Modeling has become recently a significant tool to understand microbial ecosystem in different contexts, such as clinical microbiology, food fermentation and microbial metabolism. Importantly, modeling may be used to better understand the co-metabolism between the host and pathogens in the context of the immune response [32].

These results also underline the aspect that models are simulated laboratories where it can be artificially improved the experimental design. Future studies, in this particular field, may enhance our understanding on host–pathogen interactions in conditions of nutrient availability. Studies in the field of host–pathogen interactions based on Bayesian networks have been already presented [33]. Those models analyzed the impact of climatic variables or the activation of the immune system during fungal infections in amphibians. Pivotally, in the future, modeling may be used to understand how co-metabolism may affect the outcome of the infection, together with other validated variables.

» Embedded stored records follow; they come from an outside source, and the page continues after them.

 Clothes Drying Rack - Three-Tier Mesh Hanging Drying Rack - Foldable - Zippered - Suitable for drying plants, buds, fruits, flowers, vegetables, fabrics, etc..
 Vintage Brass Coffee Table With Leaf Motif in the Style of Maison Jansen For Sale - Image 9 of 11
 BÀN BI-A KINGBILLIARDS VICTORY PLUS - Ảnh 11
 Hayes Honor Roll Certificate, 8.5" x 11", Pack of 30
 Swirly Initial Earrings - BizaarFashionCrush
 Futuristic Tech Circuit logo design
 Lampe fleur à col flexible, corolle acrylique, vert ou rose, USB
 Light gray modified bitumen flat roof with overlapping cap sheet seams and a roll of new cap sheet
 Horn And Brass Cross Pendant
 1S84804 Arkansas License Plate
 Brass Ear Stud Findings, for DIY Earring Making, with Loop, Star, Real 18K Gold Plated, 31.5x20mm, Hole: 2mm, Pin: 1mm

In particular, in the context of the model presented, the use of additional Aspergillus mutants for Trp biosynthesis and catabolism may increase the complexity of the model design.

Based on the result of our study, more comprehensive models based on CTBNs, including, for instance, a detailed construction of Trp metabolism, or based on different experimental conditions, can be developed in the future. This study confirms CTBNs to be an effective methodology for computational gene network reconstruction, and a useful hypothesis generation tool in the study of Trp metabolism: CTBNs could aid in the discovery of novel interactions, supporting the elucidation of those biological processes that strongly impact the fungal fitness, as well as the human immune system during infection.